The last step is to attach the UTM profile to a security policy by configuring the application-services action.

[edit security policies from-zone internal-np to-zone internal-transit policy FW-Internal-PermitAll]
root@NP-vSRX# show
match {
    source-address any;
    destination-address any;
    application any;
}
then {
    permit {
        application-services {
            utm-policy UTM-DefaultInternetAccess;
        }
    }
}

Configuring logging

To make webfilter troubleshooting easier, configure the following syslog files, or alternatively send them to a syslog server.

[edit system syslog]
root@NP-vSRX# show
file blocked-sites {
    any any;
    match WEBFILTER_URL_BLOCKED;
}
file allowed-sites {
    any any;
    match WEBFILTER_URL_PERMITTED;
}

Testing

Testing the custom blacklist by browsing to sex.com – HTTPS session was broken (based on destination IP) and the browser returned an error.

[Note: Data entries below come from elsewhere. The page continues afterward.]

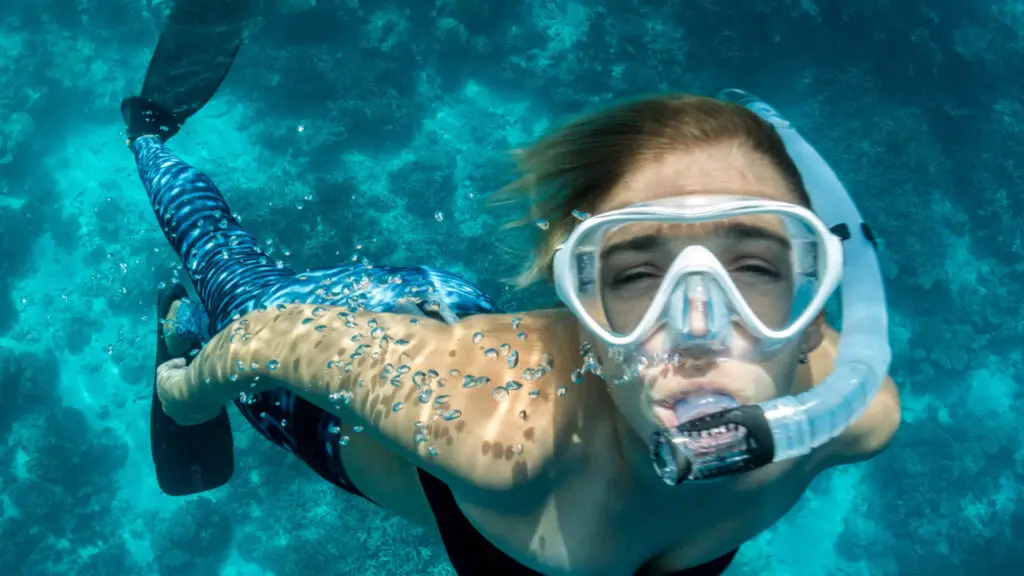 A Comprehensive Guide to Choosing, Using, and Caring for Your Snorkel Masks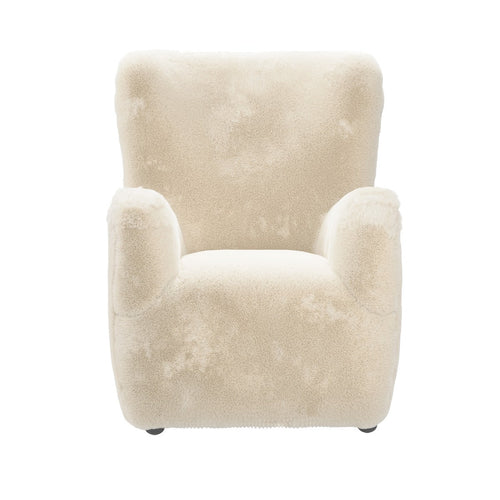 Bruin Occasional Chair - Dawn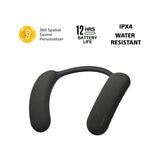 BRAVIA Theatre U | Wireless Neckband Speaker | Dolby Atmos® 1
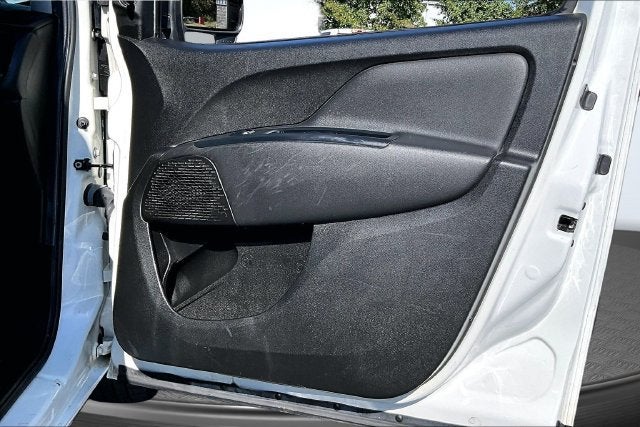 2015 RAM ProMaster City Cargo Van Tradesman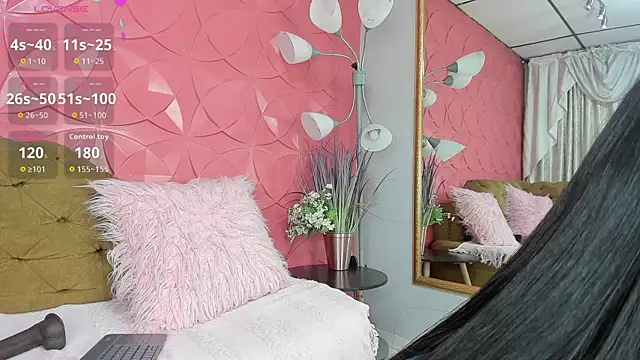 Snapshot of SailonTeen chatting on February 25, 2026, 2:50 pm SailonTeen online show from February 25, 2026, 2:50 pm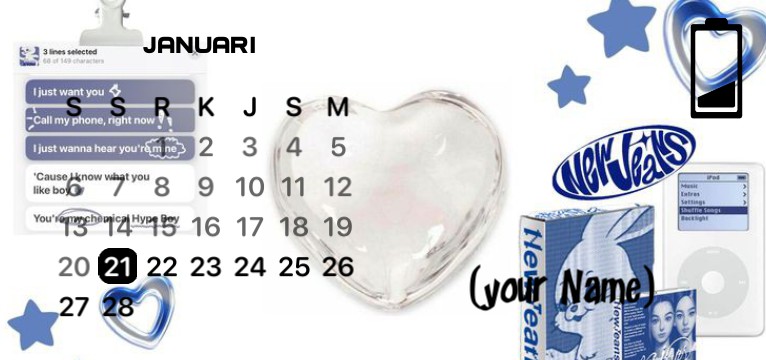 kalender widget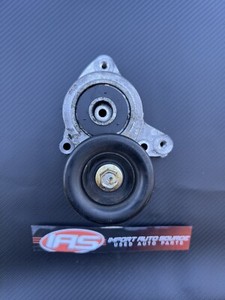 ♻️02-06 ACURA RSX TYPE S K20A2 2.OL OEM USED ENGINE BELT TENSIONER PULLEY DC5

Oct 13 14:21:14  NP-vSRX RT_UTM: WEBFILTER_URL_BLOCKED: WebFilter: ACTION="URL Blocked" 10.255.1.13(50278)->206.125.164.82(443) CATEGORY="EWF-Blacklist" REASON="BY_BLACK_LIST" PROFILE="WF-DefaultInternetAccess" URL=206.125.164.82 OBJ=/ username N/A roles N/A

Next, we test the URL in the whitelist (which was actually be blocked by Websense). Networking-forums loads fine now and we have this in the log:

Oct 13 14:23:43  NP-vSRX RT_UTM: WEBFILTER_URL_PERMITTED: WebFilter: ACTION="URL Permitted" 10.255.1.13(50303)->64.90.58.116(443) CATEGORY="EWF-Whitelist" REASON="BY_WHITE_LIST" PROFILE="WF-DefaultInternetAccess" URL=64.90.58.116 OBJ=/ username N/A roles N/A

As a last test, we initiate an HTTP session to http://www.penthouse.com
In the browser, we get the following message:

Juniper Networks Firewall has blocked the URL: 10.255.1.13(62175)->64.59.126.214(80) www.penthouse.com/ CATEGORY: Enhanced_Adult_Content REASON: BY_PRE_DEFINED

And in the syslog file, it looks like this:

Oct 13 14:33:29  NP-vSRX RT_UTM: WEBFILTER_URL_BLOCKED: WebFilter: ACTION="URL Blocked" 10.255.1.13(62175)->64.59.126.214(80) CATEGORY="Enhanced_Adult_Content" REASON="BY_PRE_DEFINED" PROFILE="WF-DefaultInternetAccess" URL=www.penthouse.com OBJ=/ username N/A roles N/A

Verification Commands

To check connectivity between your SRX and the Juniper Websense server:

root@NP-vSRX> show security utm web-filtering status
 UTM web-filtering status:
    Server status: Juniper Enhanced using Websense server UP

Web-filtering statistics – this is useful when the service is not working as expected.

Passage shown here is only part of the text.